BEGIN Data under study
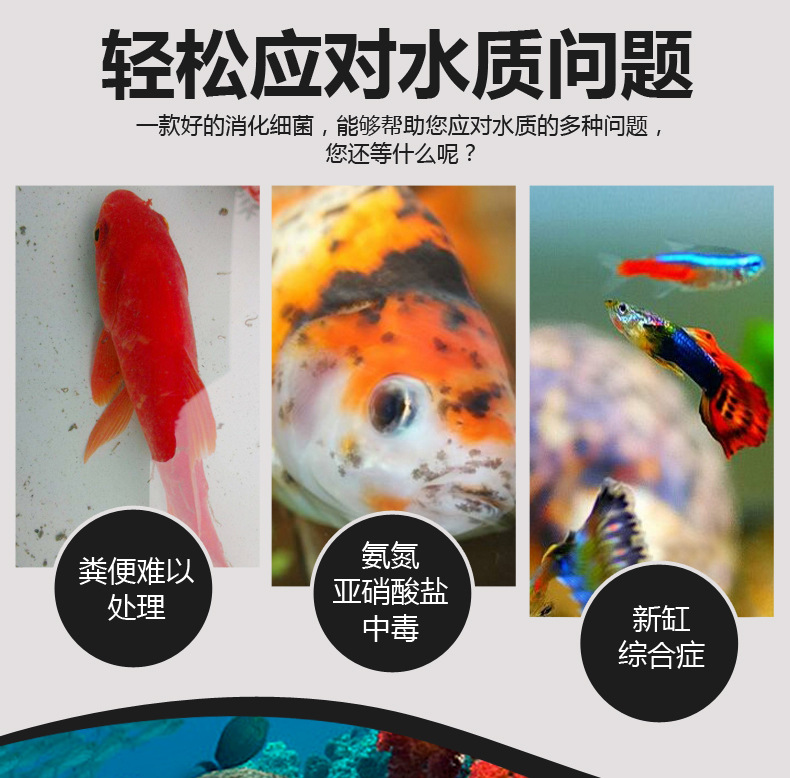 大型魚(yú)缸哪個(gè)牌子質(zhì)量好（大型魚(yú)缸哪個(gè)牌子質(zhì)量好耐用）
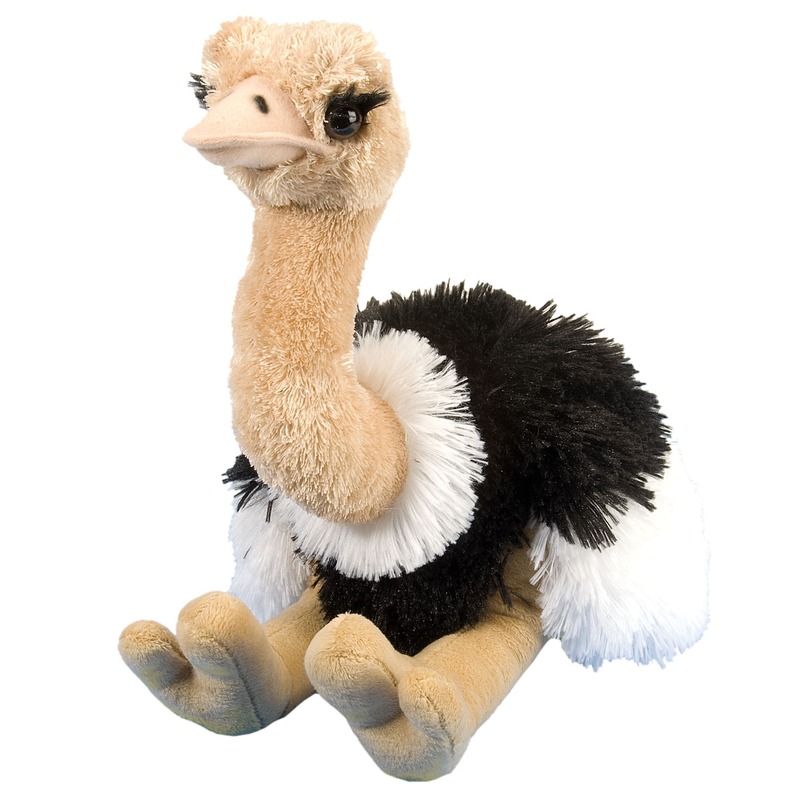 Knuffel struisvogel gekleurd 35 cm knuffels kopen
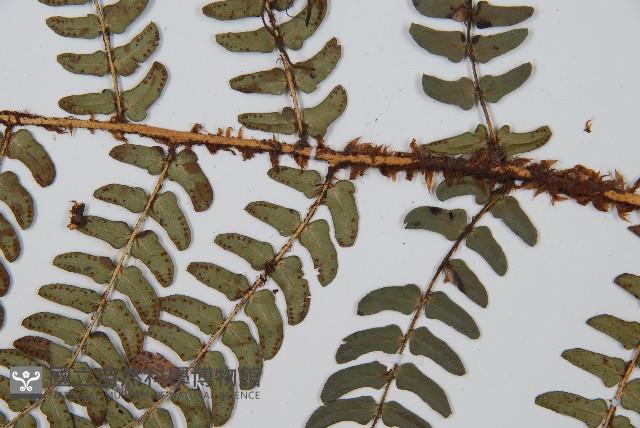 闊鱗鱗毛蕨藏品圖，第3張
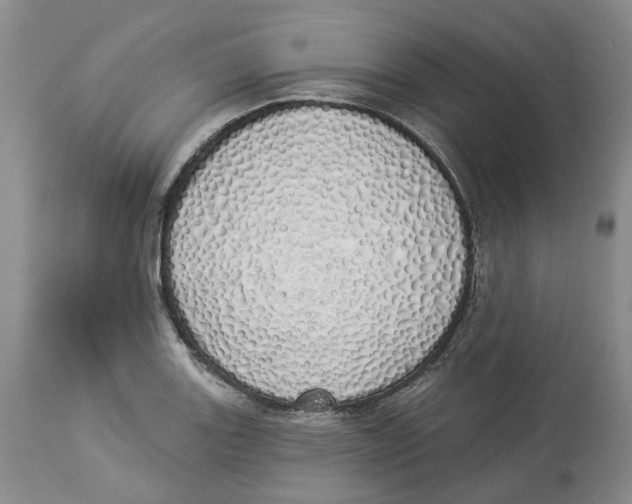 X0000114031131200910231853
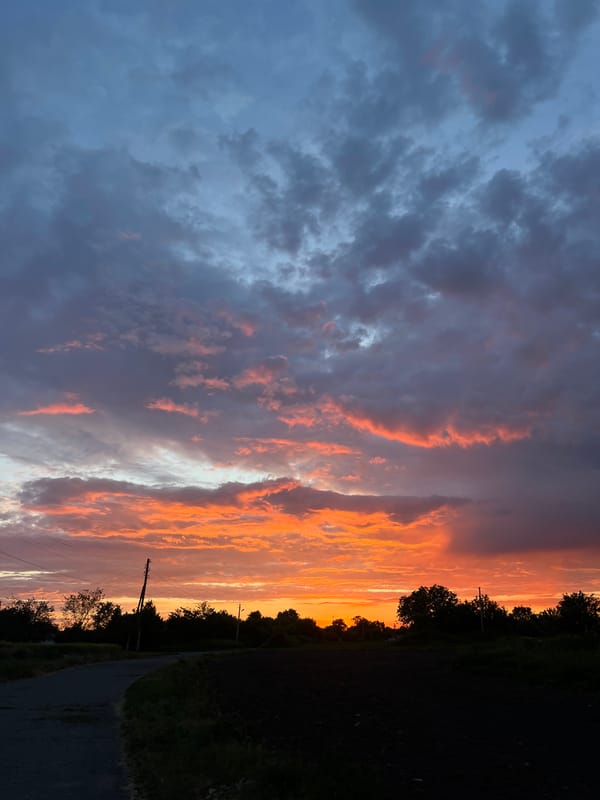 Sunset skies, wildflowers, and a sleeping cat in Ustyvytsia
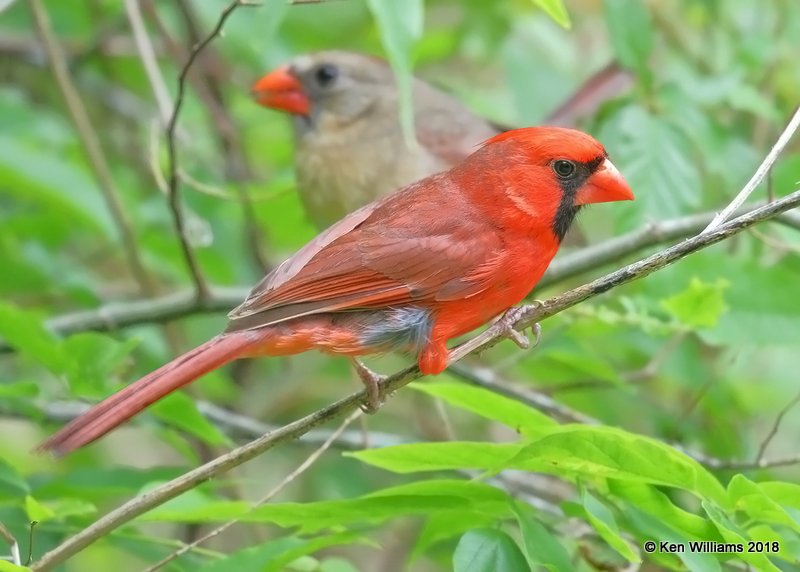 Northern Cardinal male, Quintana Beach County Park, TX, 4-20-18, Jza_67805.jpg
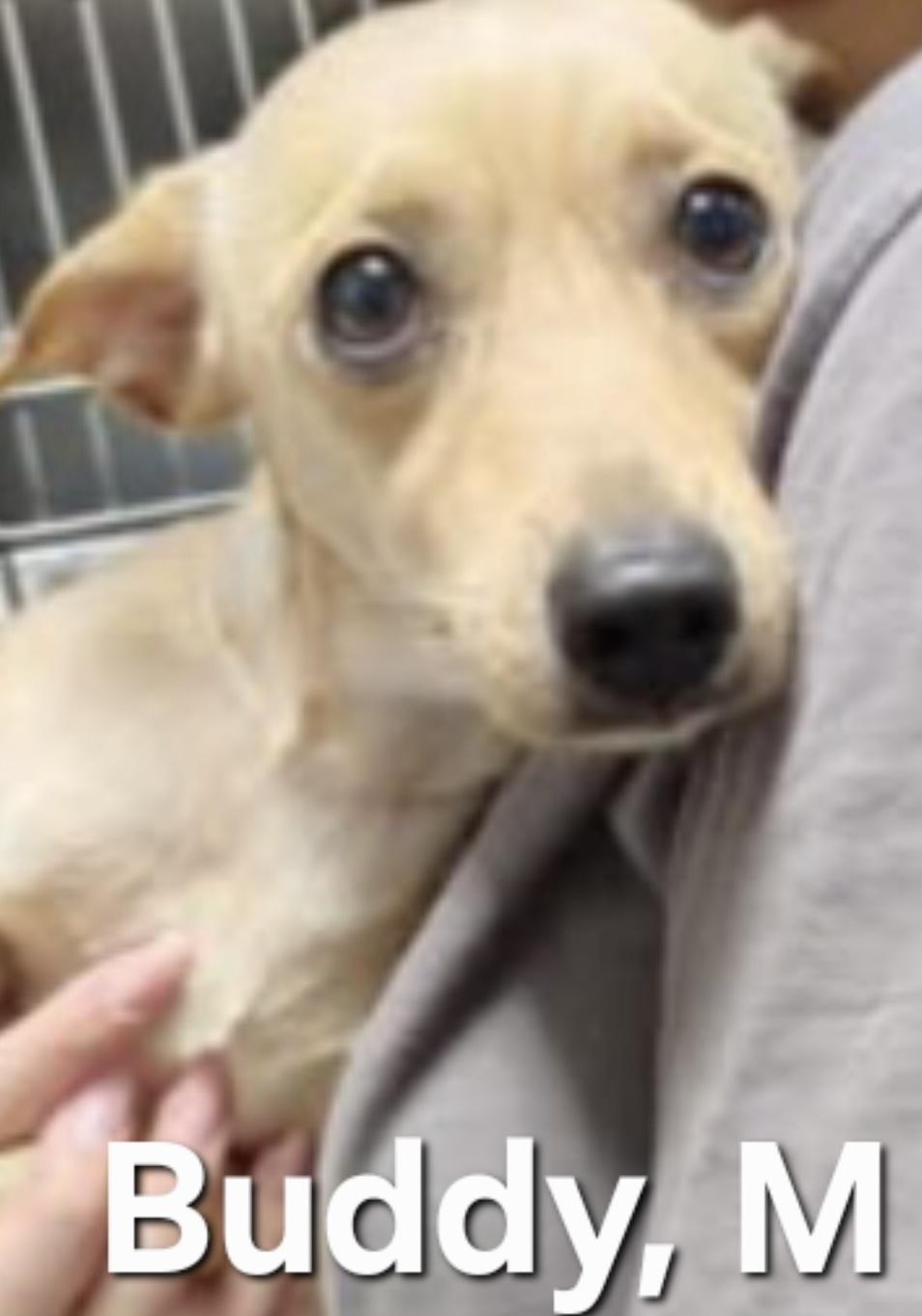 Buddy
END Data under study
▶ **Problem details**: With images omitted, output the data exactly as given.

▶ **Solution to this task**:
 大型魚(yú)缸哪個(gè)牌子質(zhì)量好（大型魚(yú)缸哪個(gè)牌子質(zhì)量好耐用）
 Knuffel struisvogel gekleurd 35 cm knuffels kopen
 闊鱗鱗毛蕨藏品圖，第3張
 X0000114031131200910231853
 Sunset skies, wildflowers, and a sleeping cat in Ustyvytsia
 Northern Cardinal male, Quintana Beach County Park, TX, 4-20-18, Jza_67805.jpg
 Buddy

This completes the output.